Le jeune marié l'était mais ne voulait pas le reconnaître.
: Quelque chose me dit que notre voisin ne sera pas trop inquiété. Avec sa version des faits et avec les aveux d'Escobar, le garde forestier, les juges ne peuvent que s'apitoyer sur le sort de Mendoza. Le plus sage pour lui serait qu'il revienne corroborer l'histoire de Manolo...
: Tao, je t'en supplie: laisse faire le temps!
: Le temps? Dans quel poème Pétrarque a-t-il écrit:
"Avant que j'atteigne à la rive espérée, on trouvera le laurier sans feuilles vertes..." En agissant ainsi, il se comporte comme un criminel...
: Mais essaye de le comprendre! Il se sent seul... Seul contre tous! Il ne sait pas à qui faire confiance. De plus, Charles Quint ne pourra peut-être pas soustraire son gendre à la justice...
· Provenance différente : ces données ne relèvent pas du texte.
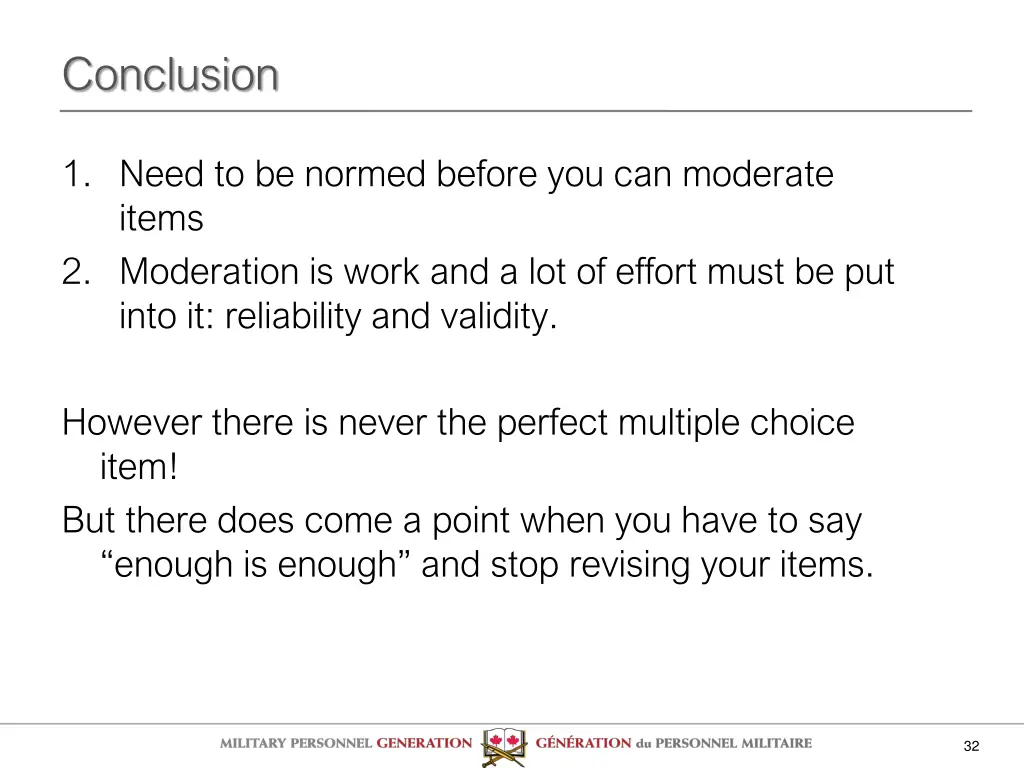 conclusion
: Non, mais il peut présider lui-même la cour et statuer sur le cas de notre père. Certes, il y a eu rixe, or ce délit ne peut être puni de mort!
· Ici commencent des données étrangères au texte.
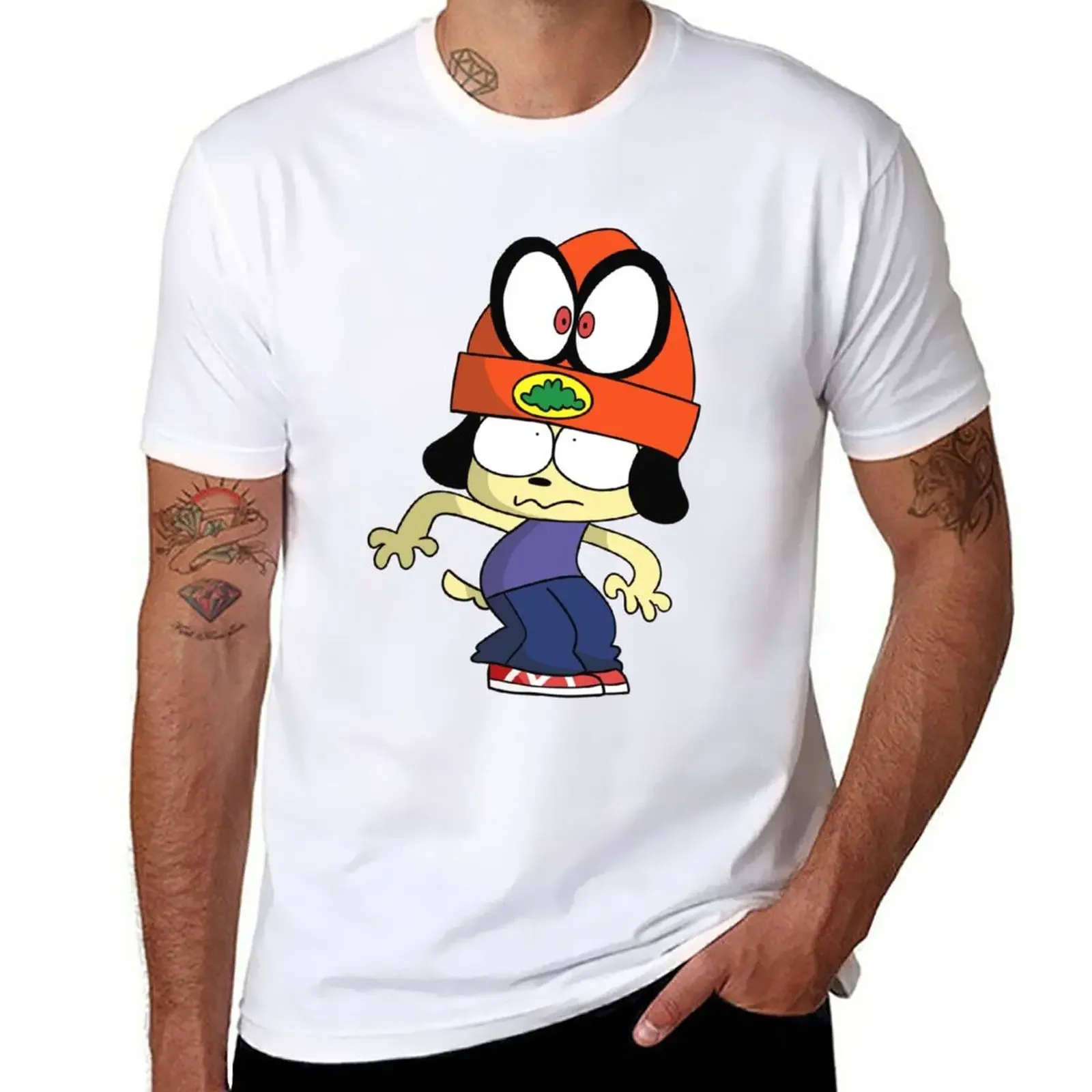 Parappa The Rapper T-Shirt Anime Customs Abbigliamento Uomo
Droit et fier, la tête haute comme s'il marchait à la gloire, Tao tourna le dos à ses amis et s'éloigna.
Au même moment, Manolo passait devant ses juges. Effectivement, il ne fut pas puni pour avoir tué Ramon. En prenant la défense d'un homme amnésique, il avait accompli un devoir sacré. De plus, qui aurait pu le blâmer d'avoir exercé son droit à la vengeance privée?
Comme le sergent forestier était orphelin, sans parenté connue, l'enchaînement fatal des règlements de compte n'était pas à redouter. Par ailleurs, la paillardise, la brutalité du personnage ne laissaient de regret à personne. Bien des maris trompés et des filles mises à mal devaient même se réjouir en secret de la disparition de leur tourmenteur.
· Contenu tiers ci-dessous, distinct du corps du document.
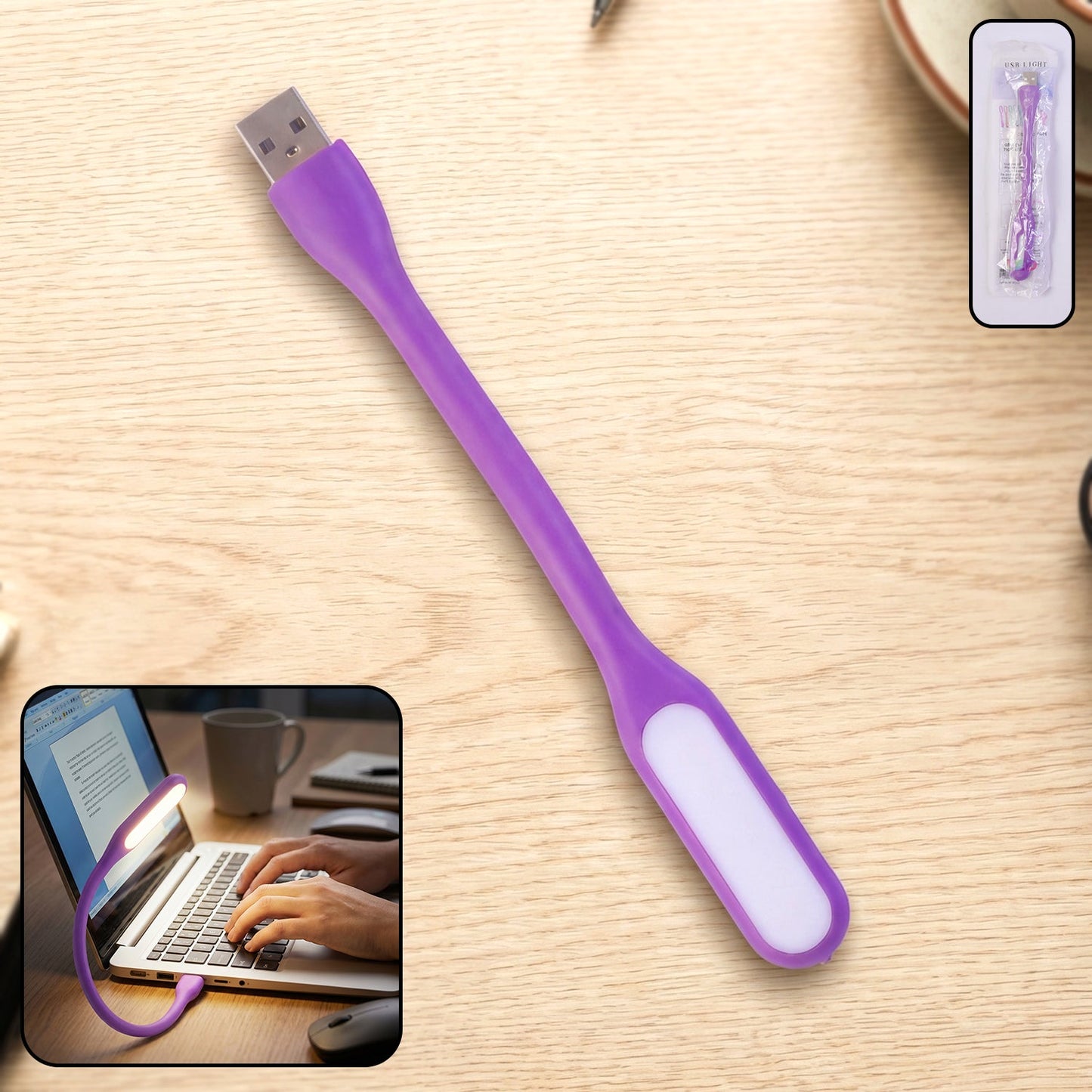 USB LED Light – Flexible, Portable Light for Laptops, Computers (1 Pc)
Après avoir payé sa dette envers le disparu en versant à sa paroisse le prix du sang, le vieil homme avait tout simplement repris sa vie et son travail de fermier.
Afin de réunir la somme nécessaire à ce rachat d'une faute jugée par chacun respectable entres toutes, il s'était vu contraint de vendre un de ses champs. Il n'en avait été que mieux considéré.
Cependant, cette transaction ne réglait que l'aspect matériel de l'affaire.
Si, en apparence, le cours des jours avait repris comme avant la tuerie de la forêt, l'âme droite et sincère de Manolo en demeurait marquée au fer rouge. Quelque chose en lui s'était rompu, avait cédé, sous l'excès du malheur. Sans qu'il y fasse jamais la moindre allusion, tout dans sa façon d'être trahissait une transformation intime irrémédiable et muette.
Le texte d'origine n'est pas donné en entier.